Nvidia traci Chiny. Huang: Blackwell nie dla Pekinu, H20 nikt nie chce

Jensen Huang, CEO Nvidii, kategorycznie uciął spekulacje dotyczące sprzedaży flagowych chipów Blackwell do Chin, potwierdzając, że amerykańskie embargo pozostaje w mocy. Jednocześnie firma traci przyczółek na tym kluczowym rynku, ponieważ nawet dopuszczone do sprzedaży, słabsze układy H20 są odrzucane przez chińskich klientów na rzecz krajowych alternatyw.

2 Min
Jensen Huang, Intel, Nvidia
źródło: Nvidia

Jensen Huang, CEO Nvidia, ostatecznie rozwiał nadzieje na szybki powrót firmy na chiński rynek zaawansowanych układów AI. Podczas swojej czwartej tegorocznej wizyty na Tajwanie, Huang kategorycznie zaprzeczył, by prowadzone były “jakiekolwiek aktywne dyskusje” na temat sprzedaży flagowych chipów Blackwell do Chin.
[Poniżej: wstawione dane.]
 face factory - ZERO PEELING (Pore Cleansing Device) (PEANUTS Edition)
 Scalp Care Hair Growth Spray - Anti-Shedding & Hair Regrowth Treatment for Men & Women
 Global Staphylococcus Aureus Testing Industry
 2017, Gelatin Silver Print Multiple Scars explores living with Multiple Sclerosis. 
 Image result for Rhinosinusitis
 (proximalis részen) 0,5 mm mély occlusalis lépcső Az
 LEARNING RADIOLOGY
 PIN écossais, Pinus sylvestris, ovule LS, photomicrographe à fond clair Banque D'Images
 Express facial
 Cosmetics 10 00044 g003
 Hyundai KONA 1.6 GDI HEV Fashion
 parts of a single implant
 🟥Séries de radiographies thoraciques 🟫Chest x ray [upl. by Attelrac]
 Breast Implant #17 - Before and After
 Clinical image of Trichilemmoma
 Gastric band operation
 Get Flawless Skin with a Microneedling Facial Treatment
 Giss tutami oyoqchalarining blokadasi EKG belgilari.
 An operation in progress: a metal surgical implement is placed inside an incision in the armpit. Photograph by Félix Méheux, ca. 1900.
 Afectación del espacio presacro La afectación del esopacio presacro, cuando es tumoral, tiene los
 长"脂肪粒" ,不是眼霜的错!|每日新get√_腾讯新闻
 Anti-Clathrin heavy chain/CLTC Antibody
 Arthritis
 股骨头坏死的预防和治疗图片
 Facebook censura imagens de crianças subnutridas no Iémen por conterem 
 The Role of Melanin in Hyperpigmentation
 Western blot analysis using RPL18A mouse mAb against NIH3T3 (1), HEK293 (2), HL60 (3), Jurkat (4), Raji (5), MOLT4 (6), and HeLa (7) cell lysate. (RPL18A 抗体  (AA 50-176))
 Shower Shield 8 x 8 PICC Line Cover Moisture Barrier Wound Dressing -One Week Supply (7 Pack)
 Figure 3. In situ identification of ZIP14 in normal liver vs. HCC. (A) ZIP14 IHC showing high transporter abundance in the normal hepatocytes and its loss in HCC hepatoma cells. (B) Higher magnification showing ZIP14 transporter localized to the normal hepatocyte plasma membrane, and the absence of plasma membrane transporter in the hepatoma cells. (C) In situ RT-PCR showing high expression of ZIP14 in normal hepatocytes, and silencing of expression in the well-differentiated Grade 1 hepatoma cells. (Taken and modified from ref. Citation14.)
Jego komentarze ucinają spekulacje, które pojawiły się w zeszłym tygodniu. Sugerowano, że rozmowy między prezydentem USA Donaldem Trumpem a prezydentem Chin Xi Jinpingiem mogą otworzyć drogę do sprzedaży okrojonej wersji Blackwell w Chinach.

Chipset Blackwell, kluczowy dla następnej generacji sztucznej inteligencji, pozostaje objęty ścisłym amerykańskim embargiem eksportowym z obawy o jego militarne zastosowanie. “Obecnie nie planujemy wysyłać niczego do Chin” – stwierdził Huang w Tainan, dodając, że powrót Nvidii zależy od zmiany polityki Pekinu.

Jednak oświadczenie Huanga odsłania znacznie głębszy problem biznesowy. Nawet tam, gdzie Nvidia może legalnie sprzedawać, Chiny już nie kupują. Stany Zjednoczone zezwoliły na eksport znacznie słabszego modelu H20, zaprojektowanego specjalnie w celu obejścia sankcji. Okazał się on rynkową porażką.

Huang w ciągu ostatniego miesiąca wielokrotnie przyznawał, że udział firmy w chińskim rynku zaawansowanych chipów AI spadł praktycznie do zera. Stwierdził, że Pekin “nie chce Nvidii w kraju”, a lokalni giganci technologiczni, jak Alibaba czy Tencent, wolą inwestować w krajowe alternatywy (np. od Huawei) niż kupować gorsze wydajnościowo amerykańskie procesory.

Podczas wizyty u kluczowego partnera produkcyjnego, TSMC, Huang zapewnił, że globalnie “biznes jest bardzo silny”. Sprostował również niedawne doniesienia “Financial Times”, jakoby ogłosił zwycięstwo Chin w wyścigu AI. “To nie jest to, co powiedziałem” – zaznaczył. Wyjaśnił, że Chiny mają “bardzo dobrą technologię” i 50% światowych badaczy AI, co miało służyć jako ostrzeżenie dla USA. “Stany Zjednoczone muszą nadal poruszać się niesamowicie szybko… musimy szybko biec”.

Dla globalnego biznesu technologicznego oznacza to, że przychody są obecnie bezpośrednio uzależnione od decyzji politycznych, a brak dostępu do kluczowych rynków błyskawicznie stymuluje powstawanie silnej, lokalnej konkurencji. W konsekwencji firmy muszą być gotowe na szybką fragmentację rynku AI i dywersyfikować swoje strategie w odpowiedzi na rosnący protekcjonizm technologiczny.